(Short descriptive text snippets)
-=-=-

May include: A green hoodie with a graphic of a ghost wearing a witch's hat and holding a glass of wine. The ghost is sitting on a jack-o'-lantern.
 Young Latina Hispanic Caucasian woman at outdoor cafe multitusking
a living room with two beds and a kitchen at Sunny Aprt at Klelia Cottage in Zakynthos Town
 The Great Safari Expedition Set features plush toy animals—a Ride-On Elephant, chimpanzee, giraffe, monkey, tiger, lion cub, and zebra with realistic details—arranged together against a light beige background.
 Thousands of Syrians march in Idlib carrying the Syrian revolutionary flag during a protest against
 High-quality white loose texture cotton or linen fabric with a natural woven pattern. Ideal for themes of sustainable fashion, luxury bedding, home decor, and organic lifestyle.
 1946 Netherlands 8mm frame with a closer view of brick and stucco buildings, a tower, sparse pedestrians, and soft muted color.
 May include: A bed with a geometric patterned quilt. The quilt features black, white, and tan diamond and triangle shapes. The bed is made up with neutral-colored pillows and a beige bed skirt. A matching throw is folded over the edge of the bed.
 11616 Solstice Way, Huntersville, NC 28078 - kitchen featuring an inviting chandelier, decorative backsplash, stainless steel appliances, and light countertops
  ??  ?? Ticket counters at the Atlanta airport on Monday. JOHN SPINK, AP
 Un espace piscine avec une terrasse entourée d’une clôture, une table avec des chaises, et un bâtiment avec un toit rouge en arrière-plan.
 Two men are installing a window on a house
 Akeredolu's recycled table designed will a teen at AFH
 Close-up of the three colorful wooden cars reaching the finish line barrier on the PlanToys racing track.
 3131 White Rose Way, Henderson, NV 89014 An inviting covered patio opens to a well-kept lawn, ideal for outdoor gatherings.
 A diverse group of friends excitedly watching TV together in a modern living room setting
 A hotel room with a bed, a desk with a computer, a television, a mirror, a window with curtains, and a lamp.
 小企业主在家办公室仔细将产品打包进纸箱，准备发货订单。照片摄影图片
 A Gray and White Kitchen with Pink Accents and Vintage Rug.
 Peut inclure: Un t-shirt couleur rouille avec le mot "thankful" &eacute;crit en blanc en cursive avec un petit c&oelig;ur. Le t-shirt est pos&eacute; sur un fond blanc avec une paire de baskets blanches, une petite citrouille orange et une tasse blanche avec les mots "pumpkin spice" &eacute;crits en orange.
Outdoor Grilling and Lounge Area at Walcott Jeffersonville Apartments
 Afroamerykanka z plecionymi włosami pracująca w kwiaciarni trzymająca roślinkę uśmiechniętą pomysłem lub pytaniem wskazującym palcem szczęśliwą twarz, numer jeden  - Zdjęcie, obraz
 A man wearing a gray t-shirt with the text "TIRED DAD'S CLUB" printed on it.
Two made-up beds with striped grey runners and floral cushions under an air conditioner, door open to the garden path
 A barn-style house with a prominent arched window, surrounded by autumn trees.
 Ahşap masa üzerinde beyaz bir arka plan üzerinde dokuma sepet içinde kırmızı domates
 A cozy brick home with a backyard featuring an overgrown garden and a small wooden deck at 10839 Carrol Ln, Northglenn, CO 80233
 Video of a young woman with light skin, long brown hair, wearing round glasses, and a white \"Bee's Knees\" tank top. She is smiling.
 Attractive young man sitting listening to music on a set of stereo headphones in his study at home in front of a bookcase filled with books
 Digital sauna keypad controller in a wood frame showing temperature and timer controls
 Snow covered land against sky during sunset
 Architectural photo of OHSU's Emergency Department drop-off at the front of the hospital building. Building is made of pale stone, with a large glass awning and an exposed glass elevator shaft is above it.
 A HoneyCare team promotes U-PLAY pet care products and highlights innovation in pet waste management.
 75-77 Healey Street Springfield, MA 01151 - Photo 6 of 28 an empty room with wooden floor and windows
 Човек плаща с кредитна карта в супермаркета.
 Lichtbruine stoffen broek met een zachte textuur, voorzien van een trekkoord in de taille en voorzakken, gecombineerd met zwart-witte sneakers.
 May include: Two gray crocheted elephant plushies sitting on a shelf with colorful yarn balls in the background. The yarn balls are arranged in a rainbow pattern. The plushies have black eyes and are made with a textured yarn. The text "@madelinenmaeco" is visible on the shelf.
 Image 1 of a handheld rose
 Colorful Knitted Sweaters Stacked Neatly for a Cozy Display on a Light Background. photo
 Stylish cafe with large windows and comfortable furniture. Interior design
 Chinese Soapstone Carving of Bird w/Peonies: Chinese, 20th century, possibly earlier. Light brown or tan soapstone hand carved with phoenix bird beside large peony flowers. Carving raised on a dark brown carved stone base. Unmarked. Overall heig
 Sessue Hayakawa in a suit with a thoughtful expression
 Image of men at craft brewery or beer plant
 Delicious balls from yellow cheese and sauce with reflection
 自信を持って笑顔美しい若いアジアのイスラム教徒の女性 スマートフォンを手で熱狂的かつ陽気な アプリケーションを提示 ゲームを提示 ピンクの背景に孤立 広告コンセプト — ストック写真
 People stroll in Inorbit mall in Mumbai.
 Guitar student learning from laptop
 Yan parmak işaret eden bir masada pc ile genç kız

-=-=-

**Task objective:**
Repeat exactly the lines above from the one with "Two made-up beds" up to and including the one with "A cozy brick". No other line belongs in the reply.

**Written answer:**
Two made-up beds with striped grey runners and floral cushions under an air conditioner, door open to the garden path
 A barn-style house with a prominent arched window, surrounded by autumn trees.
 Ahşap masa üzerinde beyaz bir arka plan üzerinde dokuma sepet içinde kırmızı domates
 A cozy brick home with a backyard featuring an overgrown garden and a small wooden deck at 10839 Carrol Ln, Northglenn, CO 80233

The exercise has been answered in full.